ANN ARBOR, MI — Drew Pilat, Tommy Searle, Jack Kornet and Mars Hovasse were frustrated by the lack of self-care resources they said they found available to students when they were undergrads at the University of Michigan.
University counseling services were overwhelmed, and waitlists often stretched for weeks, and the self-care resources available were old and clinical, they said.
So, the four friends decided to create a resource of their own: Wellnest, a “joyful journaling” app where users can use their voice to make journal entries to help them get ready for their day, understand their moods or just make a few quick notes.

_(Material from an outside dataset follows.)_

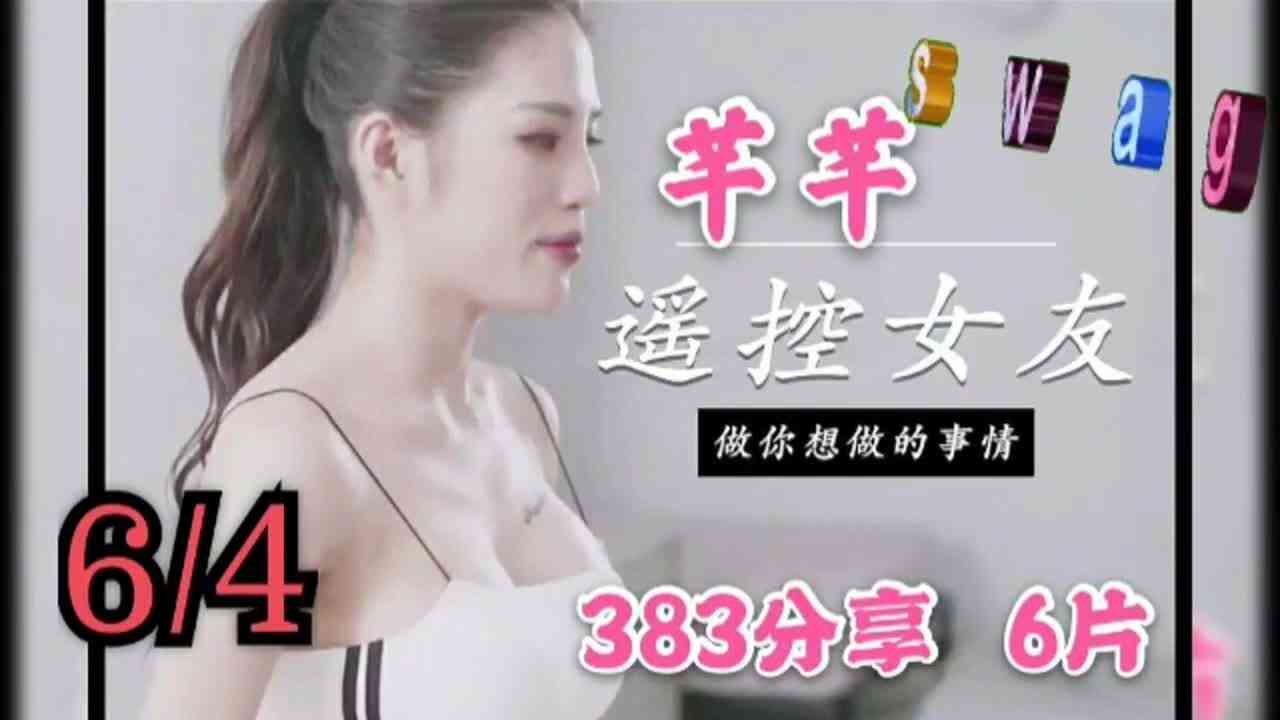 台灣妹-遙控女友做你想做的事情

“We know that journaling is incredibly healthy and accessible, but not many of our peers were actually doing it,” Pilat said. “We also liked this shift because the majority of students experiencing mental health issues don’t seek help, but we could still reach them with Wellnest.”
Upon downloading Wellnest, which is in free public beta testing, users can create an account and explore different ways to journal. There are daily conversations, which act like a conversation between two people; quick note for short thoughts and reminders and mood check, where users can track how they’re feeling and why they’re feeling that way.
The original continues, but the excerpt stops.